Asian markets fell on Wednesday following a rout on Wall Street, as investors were bombarded by a “perfect storm” of problems that erased the positivity seen at the start of the week.
The glum mood overshadowed hints from US President Donald Trump at more time to resolve the China-US trade row, as well as soothing comments from China about their desire to push on with a weekend agreement between the world’s top economies.
Trading floors are awash with uncertainty over the agreement Trump hammered out with Chinese President Xi Jinping to much fanfare – and an initial market rally – in Buenos Aires, with little clarity emerging and the US president shifting his tone.
While he hailed the deal at first, on Tuesday he warned on Twitter “remember, I am a Tariff Man”, adding “When people or countries come in to raid the great wealth of our Nation, I want them to pay for the privilege of doing so”.

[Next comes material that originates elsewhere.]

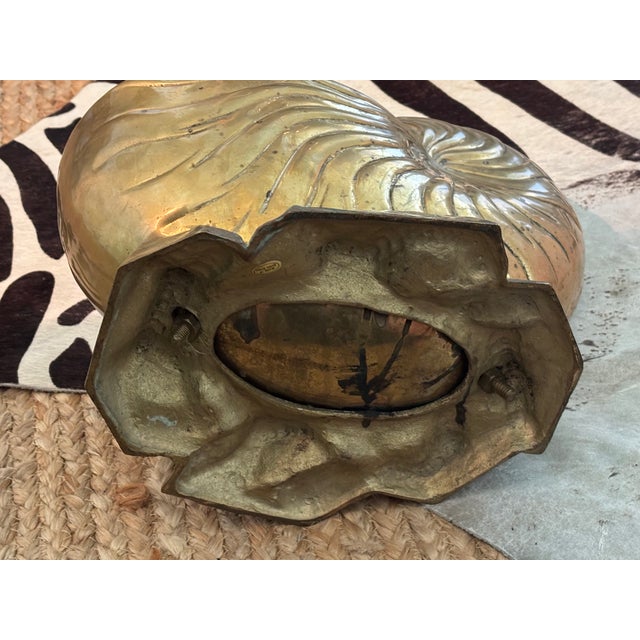 Vintage Large Scale Palm Beach Style Brass Nautilus Shell Planter For Sale - Image 17 of 17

Then, in another tweet he left open the door to an extension of the agreement’s 90-day timeline to end the row.
On Wednesday China’s commerce ministry called the pact “successful” and said it “will start with the implementation of the specific matters in which consensus has been reached, the sooner the better”, without providing more details.
Adding to the mounting risks are concerns about the US economy after the difference in yields on two- and 10-year bonds narrowed, suggesting traders are increasingly concerned about longer-term prospects.
There are fears of an “inversion” where short-term yields overtake long-term rates, which in the past has been the precursor to a recession.
Wall Street suffered a battering, with the Dow slipping 3.1 per cent, S&P 500 3.2 per cent lower and Nasdaq 3.8 per cent off.
The selling continued into Asia, where Hong Kong plunged 1.7 per cent in the afternoon, Shanghai ended 0.6 per cent lower and Tokyo was down 0.5 per cent.
Singapore shed 0.8 per cent and Seoul was 0.6 per cent off, while Wellington dived one per cent. Sydney slipped 0.8 per cent after data showed the Australian economy grew at a slower pace than expected in July-September. The Australian dollar dived more than one per cent.
The selling “has all the nasty hallmarks that traders typically call the perfect storm,” said Stephen Innes, head of Asia-Pacific trade at Oanda. He said investors “are probably left feeling duped, tricked and maybe even snookered by some ill-advised backslapping comments post-G20”.
“While trade war is certainly the number one driver of global risk sentiment, the current meltdown is morphing into a Hydra with familiar points of irritation – trade, [Federal Reserve], Brexit, Italy, global growth – coming to a head,” he added.
On currency markets the pound continued to struggle on concerns that Britain could be heading for the EU exit without a deal, which most observers fear could hammer the economy.
Sterling briefly hit a 17-month low of $1.2659 after Prime Minister Theresa May suffered stunning defeats in parliament that highlighted the uphill fight she has in pushing through her controversial Brexit deal.
If she loses there are expectations she will face a no-confidence vote and possible defeat that could force early elections and leave the country in chaos.
Oil prices were also down more than one per cent – dragging regional energy firms – after another jump in US inventories came as Saudi Arabia raised questions about the chances of an output cut at a meeting of Opec and non-Opec members at the weekend.
Energy Minister Khalid al-Falih said it was “premature to say what will happen” in Vienna, days after Russian President Vladimir Putin had said the two major producers had agreed to a cap to support prices.
“We need to get together and listen to our colleagues, hear about their views on supply and demand and their projections of their own countries’ production,” he said.
Crude had surged on Monday and Tuesday after Putin’s comments.
“It’s not a good price signal,” Bob Yawger, director of futures at Mizuho Securities USA, told Bloomberg News. “Either demand is bad or all the talk about cutting production is just lip service.”